With supportive care, approximately 85% of patients recover and regain normal renal function. The overall mortality rate of hemolytic uremic syndrome (HUS) is 5-15%. In D+ HUS, the mortality rate is between 3% and 5%. Older children and adults often have poorer prognoses. Death is nearly always associated with severe extrarenal disease, including severe central nervous system (CNS) involvement. Approximately two thirds of children with D+ HUS require dialysis. [9]  In cases of D- HUS, overall mortality rate approaches 26%.

For unknown reasons, younger children who present in the summer with the typical diarrheal prodrome tend to do better than older children who develop HUS during the colder months of the year.

Adults with HUS generally have a poorer prognosis than children.
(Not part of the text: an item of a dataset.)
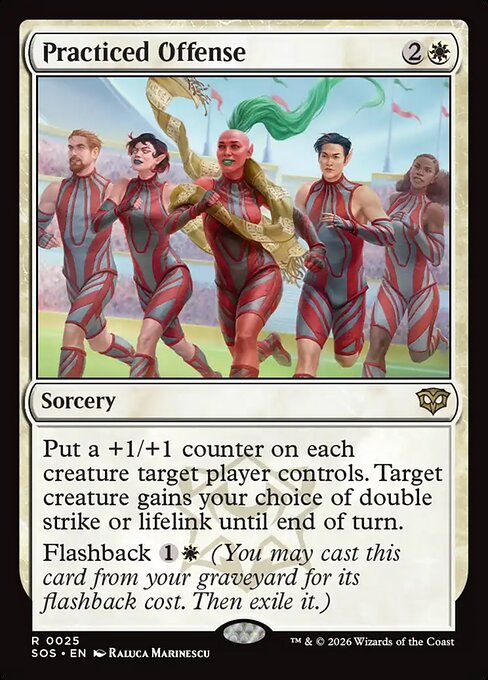 Practiced Offense SOS-25 Secrets of Strixhaven Magic card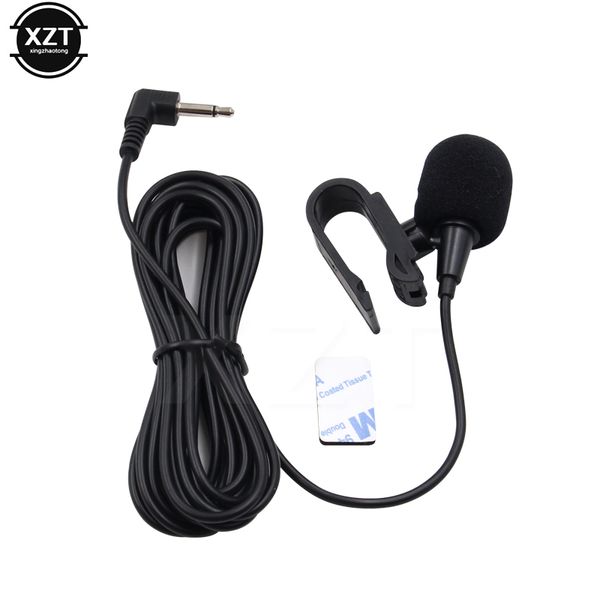 

professionals 3m car audio microphone 3.5mm jack plug mic stereo mini wired external microphone for auto dvd radio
In one study, 14% of adults with HUS succumbed to the disease. Adults who undergo kidney transplantation because of HUS are at much higher risk of graft loss than patients undergoing transplantation for other reasons. [10]  Patients with atypical HUS have a poorer prognosis with high mortality and >50% of patients developing end-stage renal disease. However, since the introduction of eculizumab, these outcomes have greatly improved. [11]  
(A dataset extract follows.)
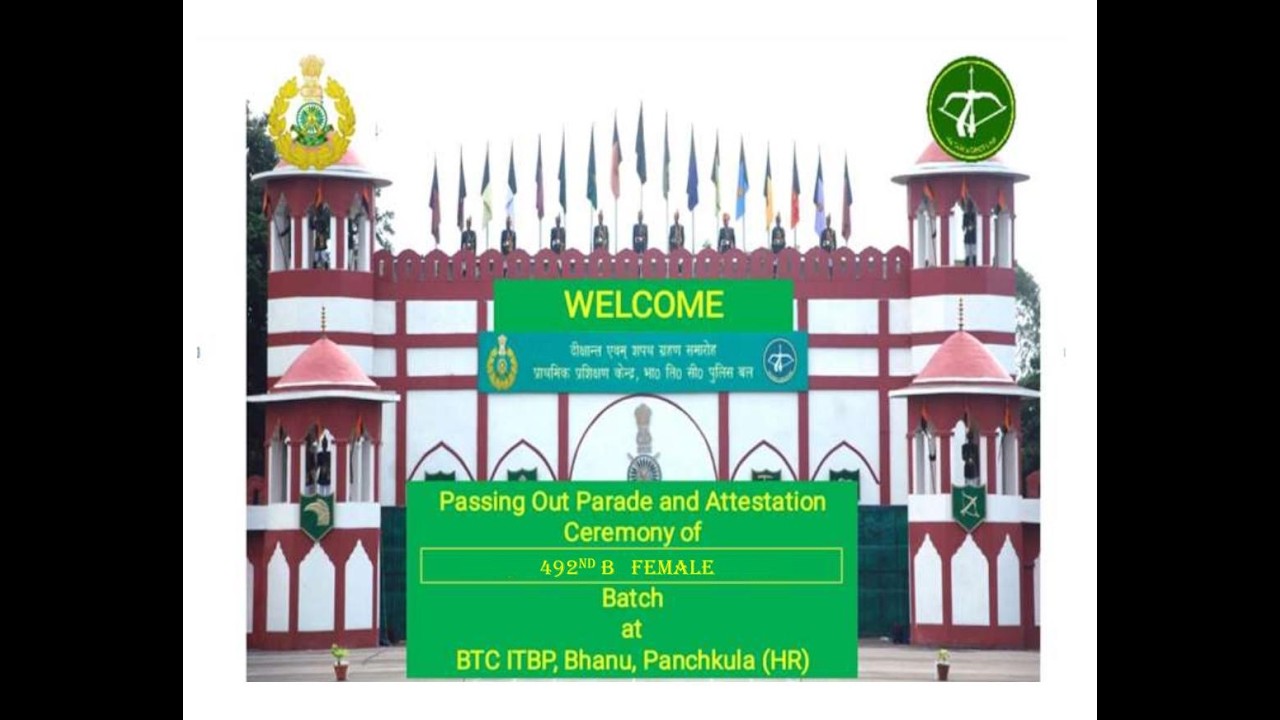 PASSING OUT PARADE AND ATTESTATION CEREMONY OF 492ND (B) CONSTABLE GD FEMALE BATCH AT BTC, ITBP.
Complications of hemolytic uremic syndrome include the following:

  • Hypertension

  • Neurologic dysfunction including seizures, coma, stroke, hemiparesis, and cortical blindness: Severe CNS involvement is associated with significant mortality.
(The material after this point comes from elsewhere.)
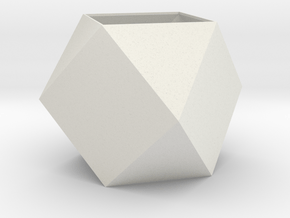 lawal 108 mm cuboctahedron  in White Natural Versatile Plastic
  • GI involvement, including any area from the esophagus to the anus: This can include hemorrhagic colitis, bowel necrosis/perforation, or intussusception.

  • Cardiac dysfunction, possibly precipitated by uremia and fluid overload

  • Complications involving the pancreas are seen in fewer than 10% of patients and can include glucose intolerance. Frank diabetes mellitus is rare.

  • Liver complications including hepatomegaly and/or increased serum transaminases levels are not uncommon.

  • In severe cases, death may be an inevitable outcome if the disease has progressed too far prior to presentation.